Relative abundance inference from coverage data

[mhyleung]

Dear all

I was wondering if there is a way to infer the relative abundance of the detected taxa based on the coverage scores? From my understanding, the "total marker coverage" column in the output file is just the percentage of the marker bases aligned to the query fastq sequences?

Thanks

Marcus

[allind]

Hi Marcus, thanks for reaching out. There currently isn't a relative abundance calculation included as output for eukdetect, but it's a frequently requested addition and I will be releasing code shortly that will do this.

[allind]

Hi Marcus, there is now a new version of eukdetect that does calculate a proxy for relative abundance called "eukaryotic fraction". Since eukaryotes usually make up very small amounts of microbiome sequencing libraries, this number should also be considered alongside the proxy for absolute abundance, which is reported by eukdetect as "reads per kilobase of sequence" or "RPKS". Please reach out with any questions.

[mhyleung]

wow thank you so much for this. Just a note in case you want to update the installation part where the new database is downloaded. The new database now has the file name 34880610 according to FigShare (or at least that's the filename I have when I downloaded from the FigShare link. Thanks!

Marcus

[allind]

Hi Marcus,

Hmm, that's a previous database version - the most recent should be 34885596. What happens if you try to run wget https://ndownloader.figshare.com/files/34885596?

[mhyleung]

cool that works now. Thanks

[mhyleung]

Hi

I read on the github page that: "RPKS is calculated by dividing the reads aligned to markers by the length in Kb of all markers for a species."
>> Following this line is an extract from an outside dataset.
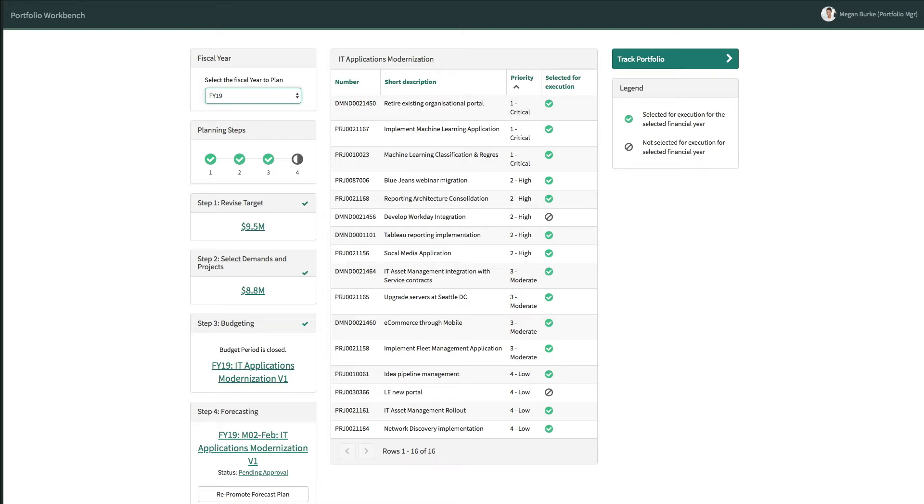As necessary, she can access the links in the left pane to revise target costs, adjust which demands and projects are selected for execution, and review budget and forecasting details.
So the number calculated from each taxa is related to the number (or length of all) markers in the database. I might be missing something obvious here, but that number would not be related to either the total number of reads in the sample?
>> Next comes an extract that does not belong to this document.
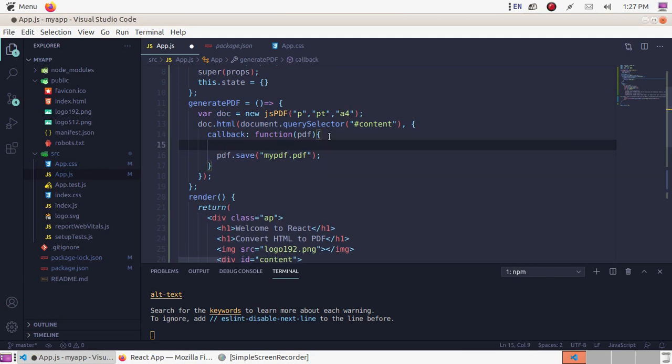Define a variable named pageCount and get the total page count.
So for example if I have the same number of reads that mapped to a specific taxon (e.g. 100 reads from each of sample A and B mapped to taxon_1 that contains total of x number of marker bases in the database). Even if sample A and sample B differ in 10x the number of total reads, the RPKS value will be the same for taxon_1, because the number of total marker bases for taxon_1 is the same?

Thanks

Marcus

[allind]

That's correct - RPKS is essentially depth of coverage and isn't scaled by library size. It's not directly comparable between samples for that reason, unlike the eukfrac number. The reason that it's included in the output is because depth of coverage, independent of library size, is an important metric to consider - in part to caution against drawing conclusions from differences in relative abundance between samples when the raw number of reads in the library is low.

[mhyleung]

Thank you for the explanation. So is there a way to compare the abundance (even in relative terms) between samples based on the EukDetect output, maybe by multiplying by the number of reads in the metagneome?

[allind]

Relative abundances (eukfrac) are directly comparable between samples, though in my opinion it masks important information when the amount of sequence in the library is low.
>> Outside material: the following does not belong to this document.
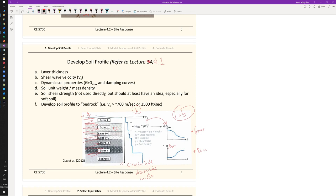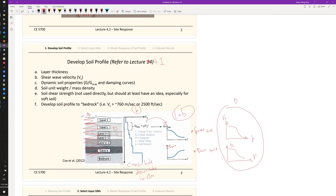If you multiply the lab curve by Gmax and multiply the damping curve by D_min from the field, you get the G/gamma curve and the D/gamma curve. You input those two curves for each layer into DeepSoil to perform the site response analysis. You also need the soil unit weight for each layer.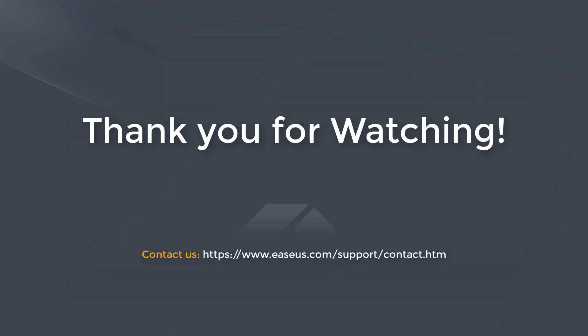Ok, thank you for watching this video. If you have any further questions, just contact us via this link.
To compare absolute abundance (RPKS) between samples, look at the library size (read counts) of all the samples you're interested in comparing, and create a scaling factor you'll use to normalize. I would probably do this by choosing the median-sized library as a reference point, and figure out the scaling factor for each sample by dividing the median library size by each sample's library size. Then, multiply all RPKS values in each sample by the scaling factor.

To give an example, if you have samples A, B, and C, with library sizes of 25 million reads, 30 million reads, and 37.5 million reads: choose sample B as the reference library. Sample A's scaling factor is 1.2 (30 million / 25 million), Sample B's scaling factor is 1 (30 million / 30 million), and Sample C's scaling factor is 0.8 (30 million / 37.5 million). Multiply all RPKS in Sample A by the scaling factor (and Sample C by its scaling factor). Those are normalized RPKS values and can be compared.

[rishibhandari63]

Can these normalized RPKS values be used to make a stacked barplot of relative abundance? I also wanted to see the alpha and beta diversity of these values. Can I use these values directly to create NMDS and alpha diversity?

[allind]

@bhandari63 The eukfrac metric is analogous to relative abundance and can be used in situations where you would use relative abundance, like a stacked bar chart. If you have samples that are relatively diverse in eukaryotic makeup and have a lot - like a deeply sequenced seawater, soil, or plant-associated microbiome - this is probably okay, though take a careful look at your data at all steps in the analysis. If you are working with something that is a less diverse community, like the human microbiome or an animal microbiome, I would suggest looking at your data taxon-by-taxon and not summarized with ordination plots or stacked bar charts.